As an exercise in exact copying, transcribe the lines below from the one holding "Lit de rangement" through the last, with both ends included and pictures left out.

Top of Supplied records

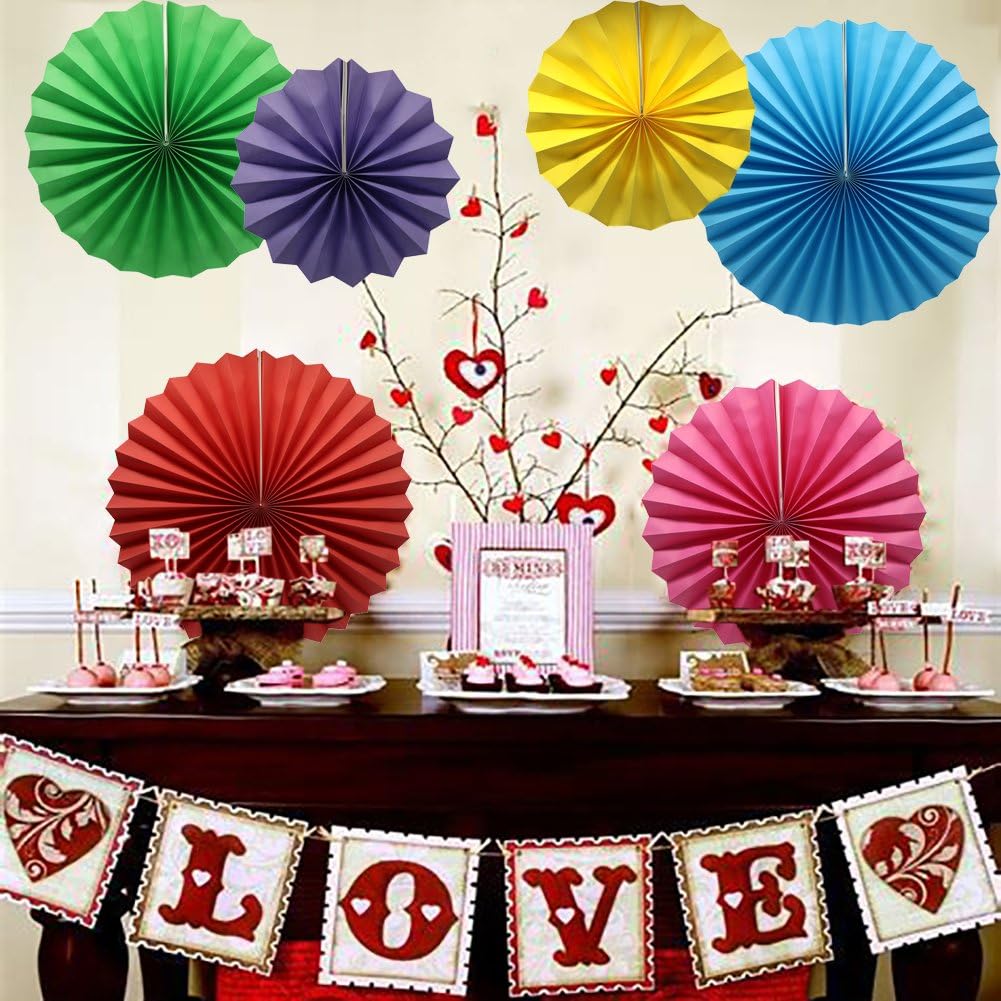 Colorful Hanging Paper Fans Decoration Round Pattern Paper Garlands Set for Party Birthday Wedding Events Accessories, Mix Set of 6
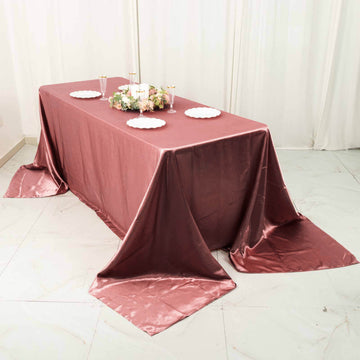 Create a Memorable Event with the Cinnamon Rose Satin Tablecloth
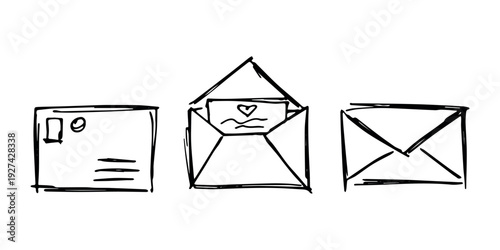 Set of hand drawn envelope with letter inside Mail and correspondence doodle Love, communication, invitation Single element for design, print, decor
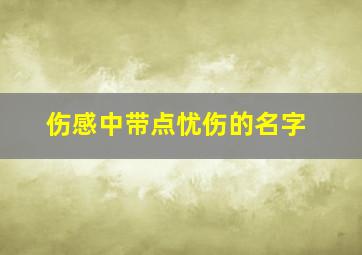 伤感中带点忧伤的名字,忧伤一点的名字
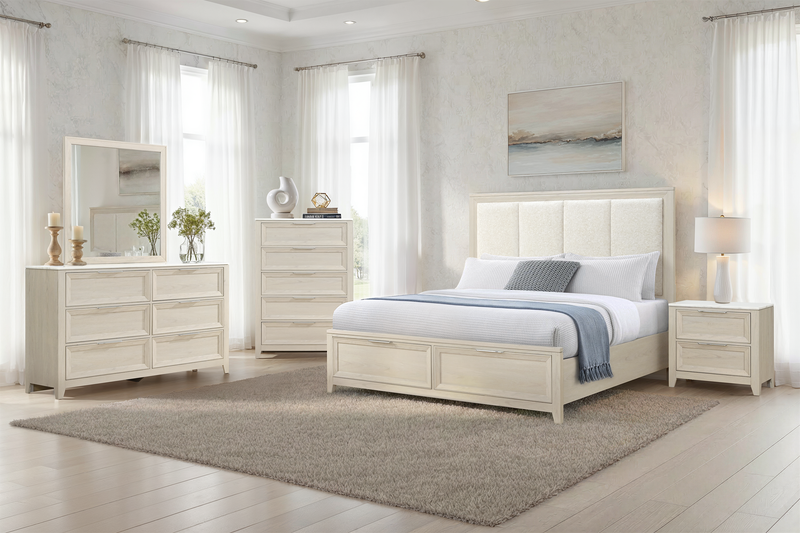 Lit de rangement Elana avec tête de lit rembourrée, beige - format très grand lit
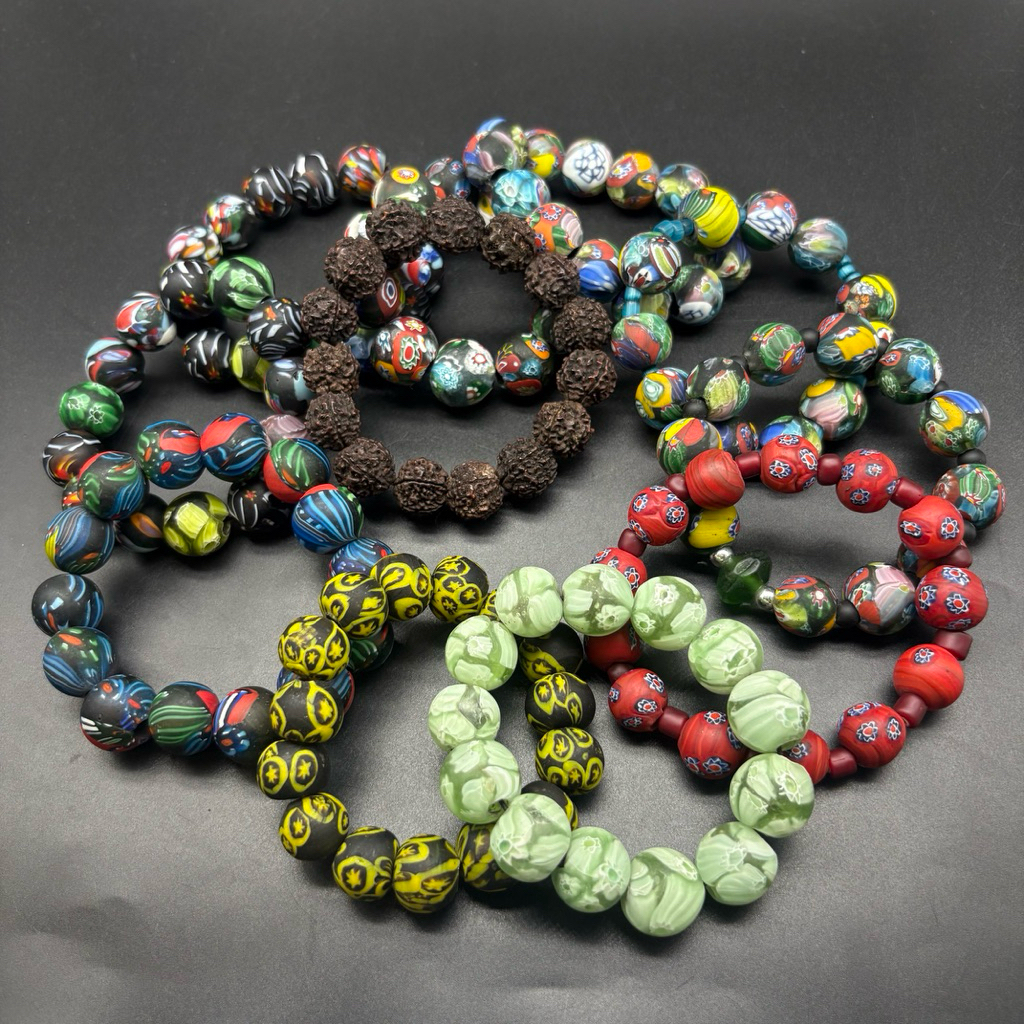 Vintage Millefiori Glass Beads Bracelet 16mm Stretch Elastic African Trade Multicolor Floral Jewelry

Bottom of Supplied records

#### The completed task
 Lit de rangement Elana avec tête de lit rembourrée, beige - format très grand lit
 Vintage Millefiori Glass Beads Bracelet 16mm Stretch Elastic African Trade Multicolor Floral Jewelry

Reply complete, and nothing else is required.